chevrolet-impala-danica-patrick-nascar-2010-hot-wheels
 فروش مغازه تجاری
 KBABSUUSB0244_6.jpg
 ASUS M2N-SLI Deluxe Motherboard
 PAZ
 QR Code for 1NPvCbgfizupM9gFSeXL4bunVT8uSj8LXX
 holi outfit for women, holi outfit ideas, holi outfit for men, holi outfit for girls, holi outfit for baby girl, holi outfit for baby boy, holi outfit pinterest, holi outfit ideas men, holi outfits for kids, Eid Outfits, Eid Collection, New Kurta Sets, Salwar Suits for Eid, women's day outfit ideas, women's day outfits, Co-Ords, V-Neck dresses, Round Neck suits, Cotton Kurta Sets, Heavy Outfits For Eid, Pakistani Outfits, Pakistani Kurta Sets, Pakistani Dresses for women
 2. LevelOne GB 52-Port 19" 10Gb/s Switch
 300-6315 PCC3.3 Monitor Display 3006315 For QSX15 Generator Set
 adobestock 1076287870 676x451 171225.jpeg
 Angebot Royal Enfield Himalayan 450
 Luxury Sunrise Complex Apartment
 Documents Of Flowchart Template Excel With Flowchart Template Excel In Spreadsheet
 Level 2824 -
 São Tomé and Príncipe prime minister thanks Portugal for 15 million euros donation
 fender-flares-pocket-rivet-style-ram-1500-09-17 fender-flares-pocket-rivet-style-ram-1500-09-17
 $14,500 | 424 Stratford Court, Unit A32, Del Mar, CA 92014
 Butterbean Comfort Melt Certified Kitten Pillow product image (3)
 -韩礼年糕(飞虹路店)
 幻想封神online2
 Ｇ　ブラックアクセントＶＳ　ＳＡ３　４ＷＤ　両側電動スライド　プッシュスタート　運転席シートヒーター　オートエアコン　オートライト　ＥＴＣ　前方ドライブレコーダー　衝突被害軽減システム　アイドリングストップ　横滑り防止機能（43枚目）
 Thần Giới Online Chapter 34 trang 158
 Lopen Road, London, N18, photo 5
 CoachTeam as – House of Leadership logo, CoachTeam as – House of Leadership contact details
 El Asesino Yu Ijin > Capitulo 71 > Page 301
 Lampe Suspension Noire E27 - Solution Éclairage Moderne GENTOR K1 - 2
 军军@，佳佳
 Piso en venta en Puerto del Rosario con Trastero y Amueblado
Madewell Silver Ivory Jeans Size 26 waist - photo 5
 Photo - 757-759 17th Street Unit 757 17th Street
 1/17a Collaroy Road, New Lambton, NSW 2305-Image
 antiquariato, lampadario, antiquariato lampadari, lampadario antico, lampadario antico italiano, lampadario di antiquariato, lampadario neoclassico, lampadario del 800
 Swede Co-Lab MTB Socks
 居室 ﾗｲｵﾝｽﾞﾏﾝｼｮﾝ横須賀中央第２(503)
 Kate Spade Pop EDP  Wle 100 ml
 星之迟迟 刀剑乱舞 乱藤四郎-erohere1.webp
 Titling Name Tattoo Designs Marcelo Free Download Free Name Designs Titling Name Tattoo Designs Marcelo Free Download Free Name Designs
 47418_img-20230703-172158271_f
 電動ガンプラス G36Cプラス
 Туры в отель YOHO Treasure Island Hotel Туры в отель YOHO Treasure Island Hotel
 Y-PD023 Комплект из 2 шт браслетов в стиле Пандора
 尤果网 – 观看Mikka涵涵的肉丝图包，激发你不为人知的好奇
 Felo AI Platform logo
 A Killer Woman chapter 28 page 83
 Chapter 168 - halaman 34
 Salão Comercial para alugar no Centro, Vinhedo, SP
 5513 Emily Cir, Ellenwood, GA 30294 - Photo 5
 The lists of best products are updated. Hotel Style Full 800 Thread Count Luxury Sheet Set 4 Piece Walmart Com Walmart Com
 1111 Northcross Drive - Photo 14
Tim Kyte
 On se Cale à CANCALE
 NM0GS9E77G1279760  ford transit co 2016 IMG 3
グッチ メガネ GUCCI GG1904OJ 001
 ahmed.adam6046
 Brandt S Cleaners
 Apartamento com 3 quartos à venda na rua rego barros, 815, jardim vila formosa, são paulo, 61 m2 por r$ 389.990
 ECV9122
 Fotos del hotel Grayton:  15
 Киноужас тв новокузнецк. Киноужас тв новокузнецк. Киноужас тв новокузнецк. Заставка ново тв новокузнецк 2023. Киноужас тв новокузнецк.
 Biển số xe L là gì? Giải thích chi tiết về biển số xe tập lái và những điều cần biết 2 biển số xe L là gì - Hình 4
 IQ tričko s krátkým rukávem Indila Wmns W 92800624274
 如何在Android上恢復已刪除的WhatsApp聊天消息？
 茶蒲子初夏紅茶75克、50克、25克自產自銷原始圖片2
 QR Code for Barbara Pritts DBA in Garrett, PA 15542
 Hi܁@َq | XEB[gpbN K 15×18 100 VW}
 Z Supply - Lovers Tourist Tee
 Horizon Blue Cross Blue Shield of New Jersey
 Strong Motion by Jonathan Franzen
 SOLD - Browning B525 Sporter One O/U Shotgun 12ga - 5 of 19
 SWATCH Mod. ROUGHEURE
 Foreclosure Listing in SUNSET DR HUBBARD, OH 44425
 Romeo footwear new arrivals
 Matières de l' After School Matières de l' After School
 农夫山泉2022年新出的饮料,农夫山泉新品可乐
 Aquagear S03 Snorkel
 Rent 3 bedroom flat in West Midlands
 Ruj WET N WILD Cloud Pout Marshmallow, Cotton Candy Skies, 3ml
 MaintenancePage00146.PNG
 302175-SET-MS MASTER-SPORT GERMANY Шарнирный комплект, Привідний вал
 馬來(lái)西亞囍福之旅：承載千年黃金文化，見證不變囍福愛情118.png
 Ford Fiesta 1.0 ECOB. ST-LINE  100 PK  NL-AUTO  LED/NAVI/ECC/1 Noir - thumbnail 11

+ + +

» **REQUIRED WORK**:
Reproduce the lines of the entries above exactly, but only from the line containing "SWATCH Mod. ROUGHEURE" through the final line.

» **SOLUTION TO THE PROBLEM**:
 SWATCH Mod. ROUGHEURE
 Foreclosure Listing in SUNSET DR HUBBARD, OH 44425
 Romeo footwear new arrivals
 Matières de l' After School Matières de l' After School
 农夫山泉2022年新出的饮料,农夫山泉新品可乐
 Aquagear S03 Snorkel
 Rent 3 bedroom flat in West Midlands
 Ruj WET N WILD Cloud Pout Marshmallow, Cotton Candy Skies, 3ml
 MaintenancePage00146.PNG
 302175-SET-MS MASTER-SPORT GERMANY Шарнирный комплект, Привідний вал
 馬來(lái)西亞囍福之旅：承載千年黃金文化，見證不變囍福愛情118.png
 Ford Fiesta 1.0 ECOB. ST-LINE  100 PK  NL-AUTO  LED/NAVI/ECC/1 Noir - thumbnail 11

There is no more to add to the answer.